Model Checking TLA+ Specifications

by Yuan Yu, Panagiotis Manolios, and Leslie Lamport (1999)

robinhouston47 minutes ago

This is an interesting puzzle. It not obviously in NP. My guess would be that it’s PSPACE-complete. Have you thought about the complexity at all?

taintegral40 minutes ago

I gave the thought some idle time, but it's been so long since I've constructed a proper hardness proof. If I do, I'll definitely make a post about it!

myaccount809 hours ago

Very well written. Unfortunately I already tried all these kind of tricks in some competitions but others were still able to beat my code. Are there additional resources for improving it even further?

Radim8 hours ago

Cache + avoid dynamic allocations like the plague. For example, high-perf search algos implement reversible transitions: instead of creating & pushing new states around all the time, modify just one state, in-place. And then apply the same transformation in reverse when backtracking.

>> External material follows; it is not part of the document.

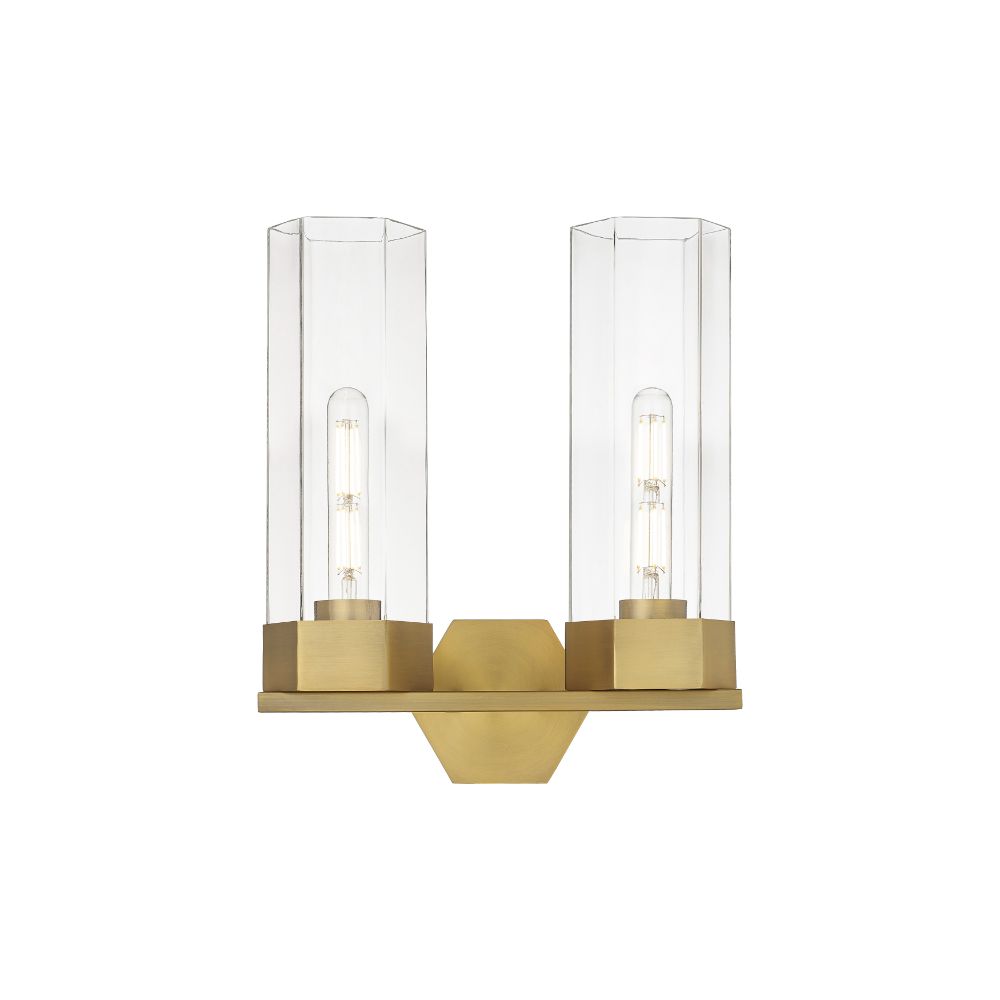 Innovations 427-2W-BB-G427-14CL Claverack - 2 Light 14" Wall-mounted Bath Vanity Light - Brushed Brass Finish - Clear Glass Shade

If you design your data structures well – to reflect the required transitions and query operations, rather than what the problem looks like to a human when drawn on a piece of paper – the forward/backward transition is nearly a no-op. Just some binary bit fiddling over data that's already in a CPU cache. And there's NO DYNAMIC ALLOCATIONS at all. Your search will fly!

The OP also mentions another great "caching" technique, under "Entropy reduction". This is really hard but basically try to find symmetries in the search space which allow you to prune away entire subspaces apriori, without searching at all. Often it'll be something like "rotating by 90 degrees leads to the same position", mirror positions, invariance to color, time… the symmetry types and their runtime benefits are problem-specific, so you need to sit and think hard about what makes a solution unique.

In the limit, you may be lucky enough to prune away so much of the solution space that there's only a single state left. Congratulations: you've solved the problem analytically :)

twanvl3 hours ago

Depending on the type of puzzle, it might be possible to work backwards. For example here, if you can compute reverse-transitions you could run one or two steps of that, and put all states from which the goal can be reached in two moves into a HashMap. Then you run the forward search and stop as soon as you hit anything in that HashMap. In theory, you can reduce the runtime to find an n-move solution from O(bf^n) to O(bf^{n/2}), at the cost of more memory use. This can also be combined with A*.

Low-level optimization can be worth it:

* You can try to pack the game state into integers and use bitwise operations. An 8×8 board can be stored as a 64 bit vector, so a `u64`. If you know the edges of the board are never occupied, then moving around can be as simple as a bit shift (probably not for this game).

* A smaller state representation also means that HashMap lookups will be faster.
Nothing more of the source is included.